■ **Task objective**
Give back the entries exactly as they read, leaving each image out.

######

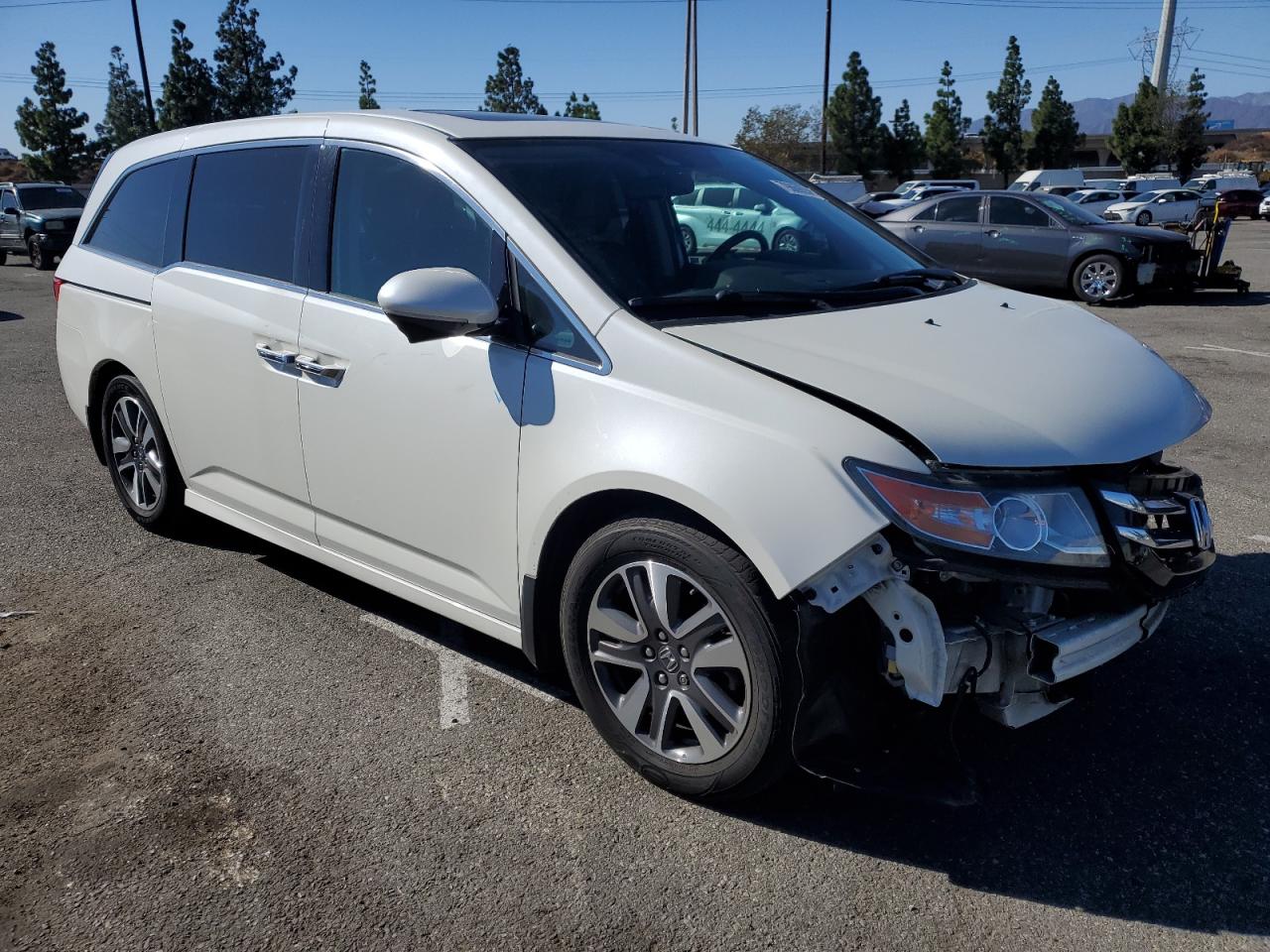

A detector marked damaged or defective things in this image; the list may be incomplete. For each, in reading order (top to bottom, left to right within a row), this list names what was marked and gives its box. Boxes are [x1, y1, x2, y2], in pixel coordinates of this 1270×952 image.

damaged front bumper [787, 459, 1213, 801]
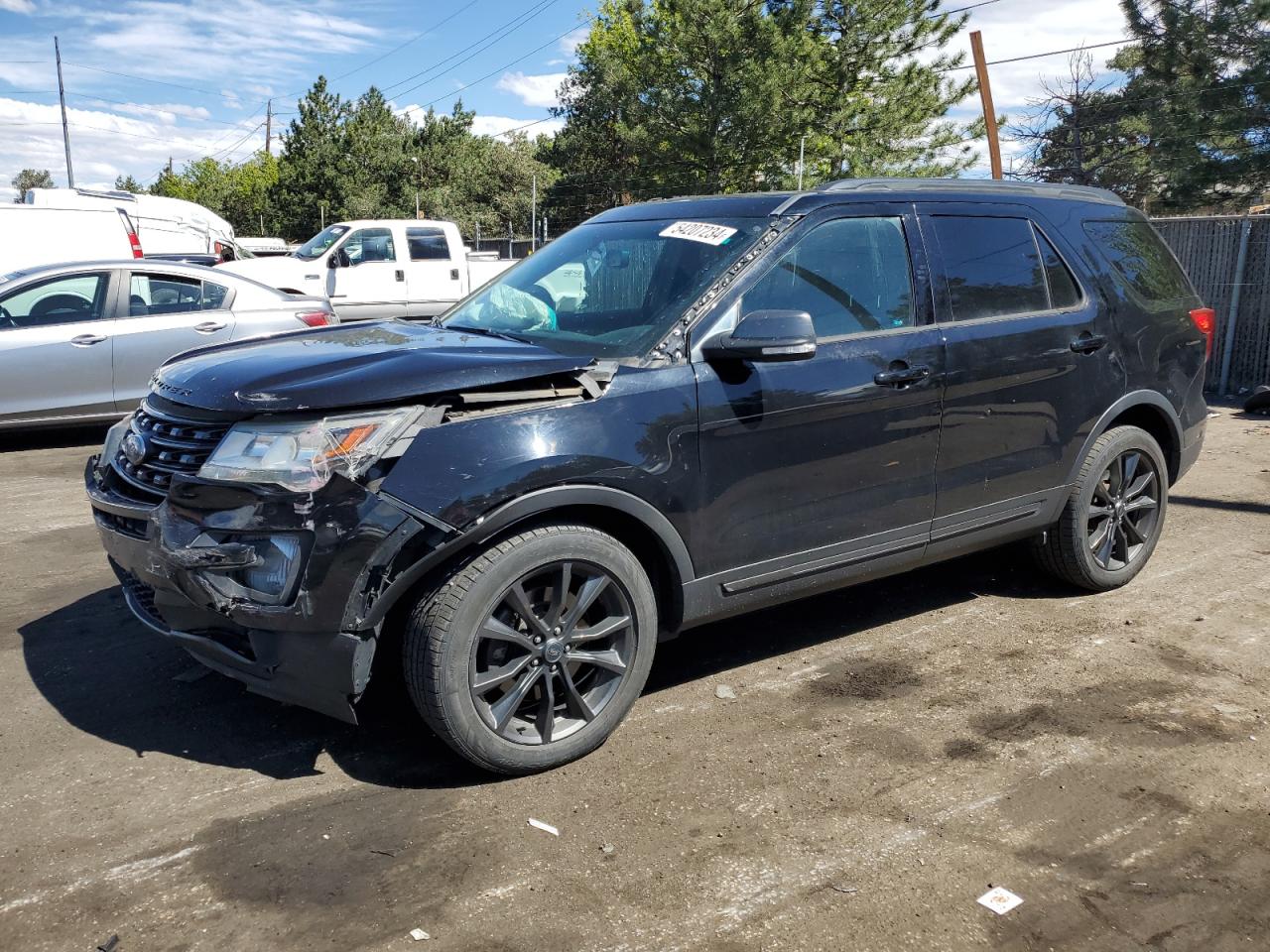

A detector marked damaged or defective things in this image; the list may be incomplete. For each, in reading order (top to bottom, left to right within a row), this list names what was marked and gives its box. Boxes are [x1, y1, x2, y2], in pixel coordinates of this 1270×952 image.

crumpled hood [153, 319, 595, 413]
broken headlight [199, 407, 417, 492]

######

■ **Response box**
A detector marked damaged or defective things in this image; the list may be incomplete. For each, in reading order (top to bottom, left to right within a row), this list names what was marked and gives its box. Boxes are [x1, y1, x2, y2], in pixel coordinates of this 1270×952 image.

damaged front bumper [787, 459, 1213, 801]

A detector marked damaged or defective things in this image; the list may be incomplete. For each, in reading order (top to bottom, left to right within a row), this list names what was marked and gives its box. Boxes are [x1, y1, x2, y2], in pixel coordinates of this 1270×952 image.

crumpled hood [153, 319, 595, 413]
broken headlight [199, 407, 417, 492]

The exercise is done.